Thursday 27 August 2015
This post originally appeared on the Hamilton Arts Council's LivingArts Blog.

Many years ago, a kindly old man at a used bookstore welcomed me into his shop.

“We have many books you might like,” he said politely. “Our ‘chick lit’ section is right over there.” He pointed to a shelf teeming with mass market paperbacks with pastel spines emblazoned with cursive writing.

I like to think he noticed the horror in my eyes. I was young. I was insecure. I was full of that snobbery that exists when you’re 20 and on a quest to prove that you’re more intelligent and worldly than you actually are.

I read good books, I thought to myself. I read literary books! I immediately resented being shoved into a category based on my gender.

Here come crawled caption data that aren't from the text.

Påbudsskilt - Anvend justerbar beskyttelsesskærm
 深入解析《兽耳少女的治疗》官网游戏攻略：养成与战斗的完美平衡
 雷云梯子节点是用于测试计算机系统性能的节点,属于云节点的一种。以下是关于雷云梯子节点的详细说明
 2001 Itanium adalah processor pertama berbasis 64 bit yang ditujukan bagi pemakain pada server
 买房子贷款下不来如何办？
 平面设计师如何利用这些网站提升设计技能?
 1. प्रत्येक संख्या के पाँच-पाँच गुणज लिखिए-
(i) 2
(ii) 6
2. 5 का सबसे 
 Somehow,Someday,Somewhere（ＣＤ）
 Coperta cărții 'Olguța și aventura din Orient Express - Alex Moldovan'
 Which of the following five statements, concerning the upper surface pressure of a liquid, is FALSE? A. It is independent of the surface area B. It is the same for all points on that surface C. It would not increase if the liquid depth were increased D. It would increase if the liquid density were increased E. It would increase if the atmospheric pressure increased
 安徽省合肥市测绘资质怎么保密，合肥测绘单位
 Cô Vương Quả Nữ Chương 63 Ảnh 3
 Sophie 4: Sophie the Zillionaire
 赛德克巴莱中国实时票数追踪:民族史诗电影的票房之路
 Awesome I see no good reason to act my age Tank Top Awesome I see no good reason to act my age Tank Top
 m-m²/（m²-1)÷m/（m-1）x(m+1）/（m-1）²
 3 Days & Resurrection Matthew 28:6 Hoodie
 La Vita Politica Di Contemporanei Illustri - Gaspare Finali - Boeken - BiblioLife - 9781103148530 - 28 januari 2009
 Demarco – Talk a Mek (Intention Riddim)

Marketers especially like to neatly categorize books. In literary circles, you hear a lot of talk about genre fiction vs. literary fiction. These categories create a division line between works of art and everything else, including (but not limited to) books that are commercial, trashy, or popular. This categorization can be a breeding ground for literary snobbery.

Literary is a weighty term. It carries with it a lot of meaning, but it can also be ambiguous. For some who work in the literary arts, it’s a term that can be challenging and limiting, including for festivals that are trying to diversify audiences and expand programming.

“I love to read, but I’d feel out of place at a literary festival,” I’ve been told by friends and family members upon mentioning my work at gritLIT: Hamilton’s Readers and Writers Festival (formerly, you guessed it, Hamilton’s Literary Festival). Many, I’ve found, associate the word literary, and by association the term “literary festivals,” with intellectual and academic stuffiness. To friends and family, the words “literary” and “grit” offered competing messages.

Snobbery doesn’t win you friends in Hamilton. It’s a city where events are held in former cotton mills and hardware stores, restaurants are named after modes of transportation, and phrases like “food trucks” and “pop ups” are synonymous with culture. We’re grassroots. We’re organic. We’re anything but snooty.

Festivals, publishers, and authors are constantly seeking new ways of reaching audiences who don’t already travel in the book tour circuit. They’re attempting to blow away the dust from old notions of the bookish community and to engage a younger and more diverse audience.

In a lot of ways, they’re succeeding, especially as publishers reach out to bloggers with youthful and energetic voices, and festivals find more ways to be interactive. Just look at Woody Point, the maritime festival that blurs “the boundaries between nature and humanity, between words and music, between writers and readers,” bringing together music and books in an idyllic setting. Books on Bloor in Toronto brings together cycling and literature. gritLIT 2014 even welcomed long-time fans of Teenage Head to celebrate the release of a book about the iconic Hamilton band. (The at-capacity event resulted in the first, and only, time an audience needed to be removed for rowdiness).

Many of my days are immersed in books and writing, but very few of these days feel weighted down by stuffiness and snobbery. I’m not saying these things don’t exist, but they’re certainly not the norm, at least in my small corner of the literary world.

What do you think about when you hear the word “literary?” I’m curious to know.

1 comment:

  1. Honestly I just love books and will read from almost any genre, so when I hear "literary" I hear "slower-paced, based more on character development than plot, intensely interested in realism and portraying real life in a way that resonates with readers." Which is neither better nor worse than other genres, it's just different.

    It certainly isn't stuffy or snobby, until a literary author or publication decides to get all shirty with the plebeian masses and their terrible taste. There are people on both sides of the divide who artificially fuel the conflict, I think--literary authors who state in public that there's something uneducated or crass about people who like fantasy novels (while ignoring that the earliest forms of human literature were all fantasies) or science fiction, genre authors who accuse literary novelists of ignoring the human need for diversion, entertainment, simplification and lots of explosions. They both get it wrong, IMO.

    But honestly--that bookstore owner doesn't deserve your business.